Outbreaks of viral hemorrhagic fevers – including Ebola, Marburg virus, Lassa fever and yellow fever – have quadrupled since the mid-1990s, according to figures cited in the proposal for a US alternative to the WHO. Another pandemic on the scale of the coronavirus could incur economic costs of an estimated US$375b a month, according to figures cited in the proposal.
Whether the federal government can build a worldwide disease-monitoring system comparable to the WHO – and how long it would take – remains uncertain.
Democratic leaders in California, Illinois, New York, Wisconsin and New York City have announced they are joining the WHO’s Global Outbreak Alert and Response Network, an international system that detects and responds to emerging health threats.
Public health and infectious-disease experts have long said stopping diseases at their source is cheaper than emergency responses in the United States.

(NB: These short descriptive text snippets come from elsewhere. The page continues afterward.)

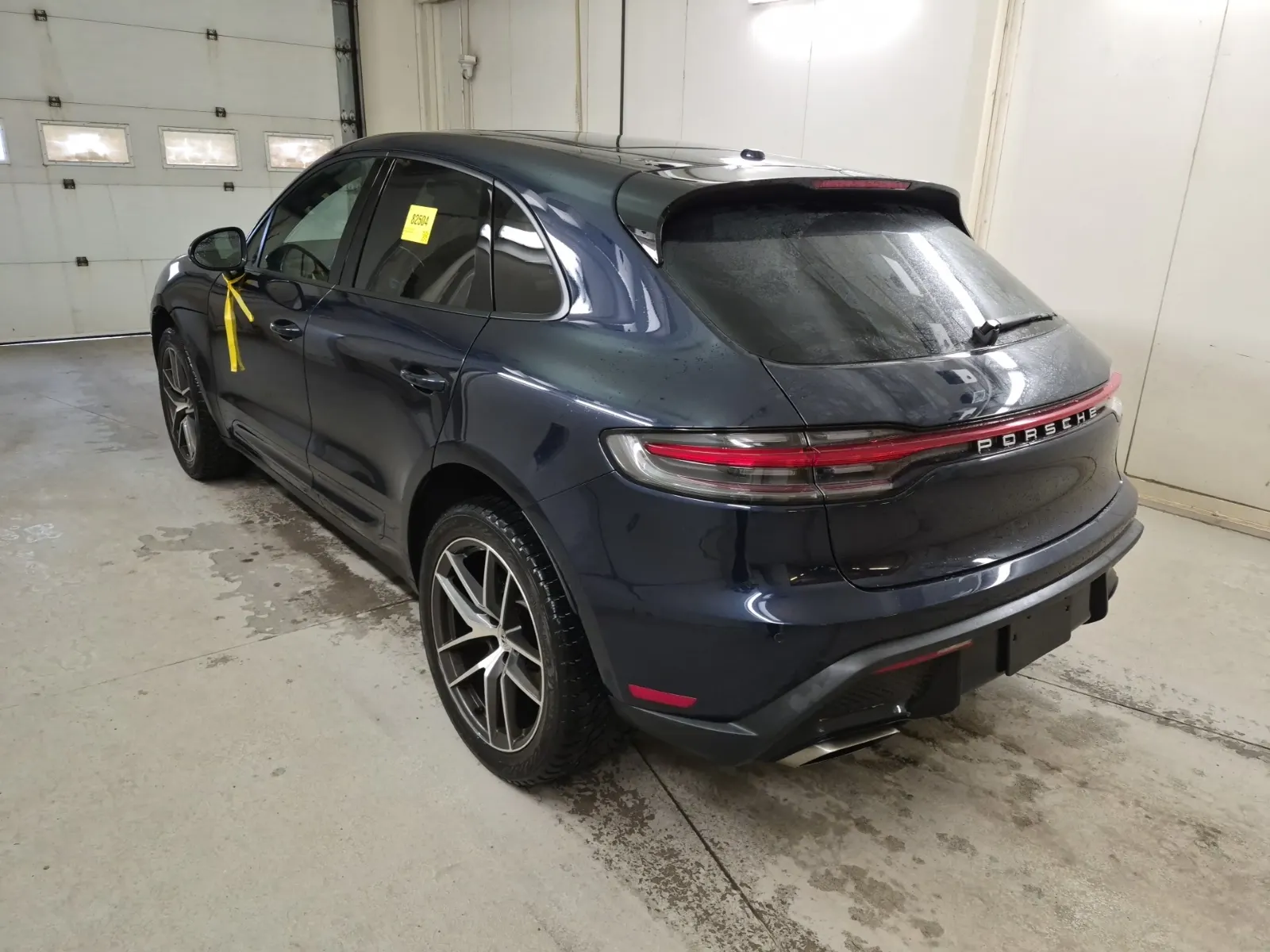 Driver Rear 3/4 Photo
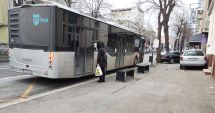 Stire din Social : Refugii în stațiile de autobuz, la Sfântu-Așteaptă! „Este o bătaie de joc!”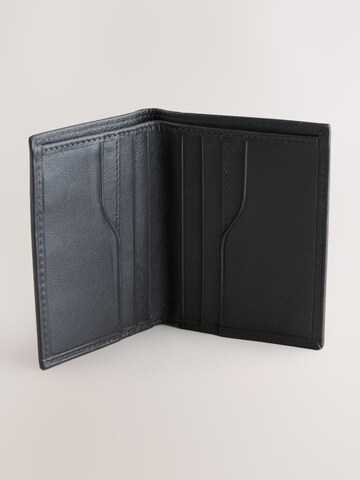 Portofel de la Next pe maro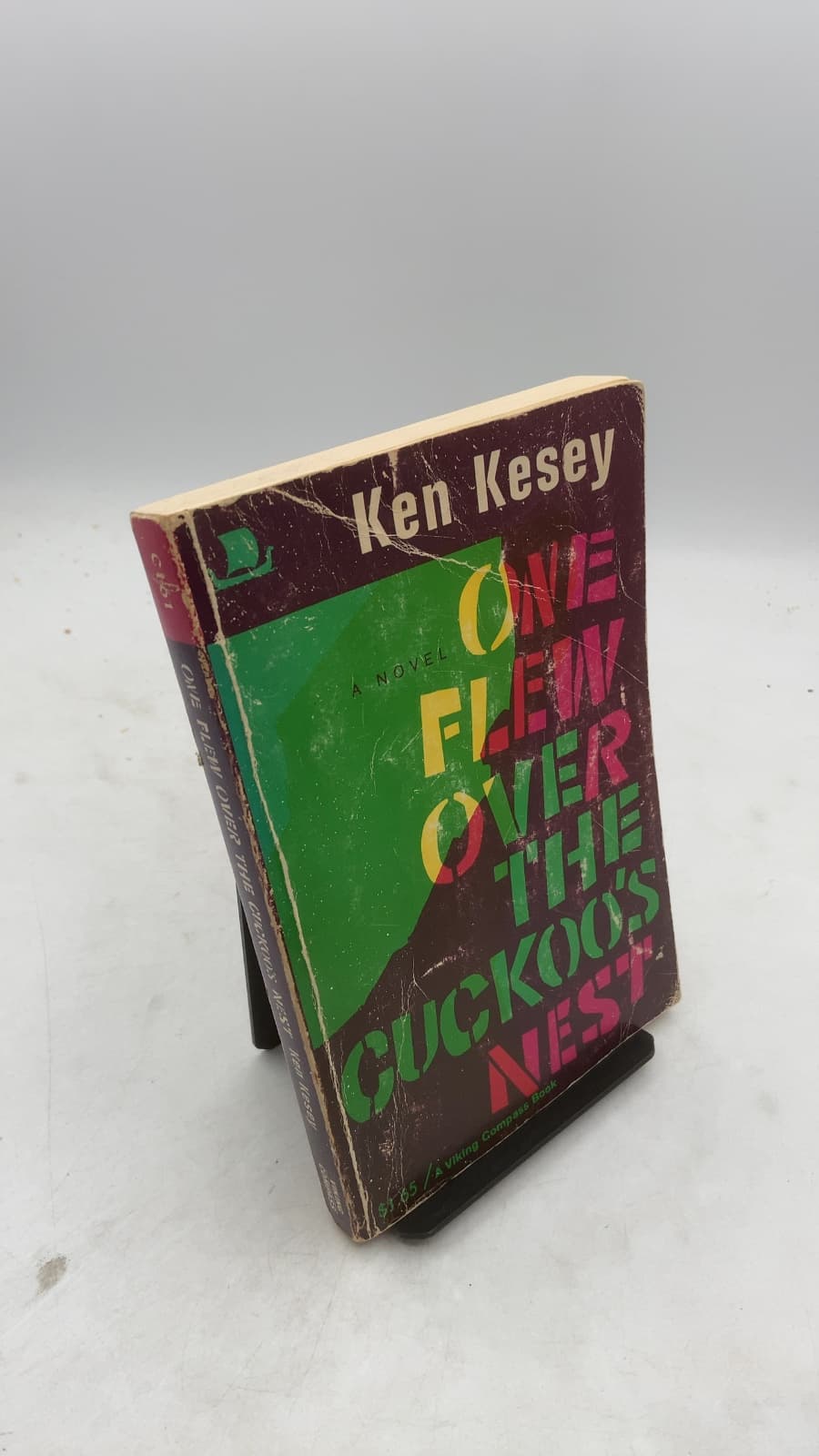 One Flew Over the Cuckoo's Nest by Ken Kesey - front cover
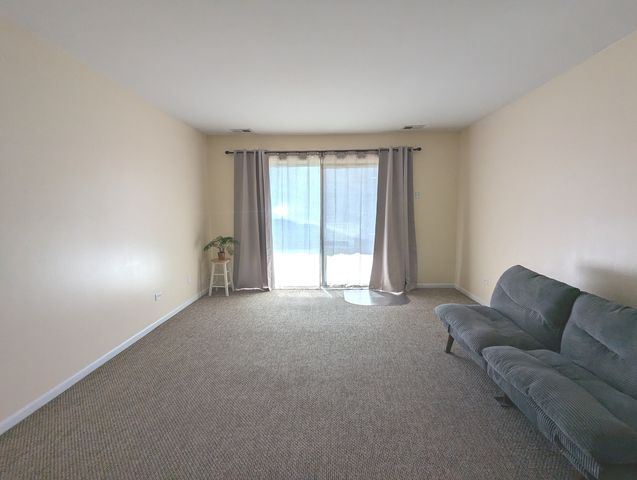 8473 ARCHER Avenue 104, Willow Springs, IL 60480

During a briefing last month with reporters, a senior HHS official said US-led global health efforts going forward will rely on the presence that federal health agencies, such as the Centers for Disease Control and Prevention, the National Institutes of Health, and the Food and Drug Administration, already have in 63 countries and bilateral agreements with “hundreds of countries”.
“I just want to stress the point that we are not withdrawing from being a leader on global health,” the official said, speaking on the condition of anonymity under ground rules for the briefing.
The new initiative envisions expanding that footprint to more than 130 countries, according to the officials briefed on the proposal. But it comes as global health expertise in federal government under the Trump administration has been depleted by repeated layoffs, deferred resignations and retirements.
The US is also still determining how it will participate in select WHO technical meetings, including the influenza strain-selection session later this month that informs the composition of the annual flu vaccine.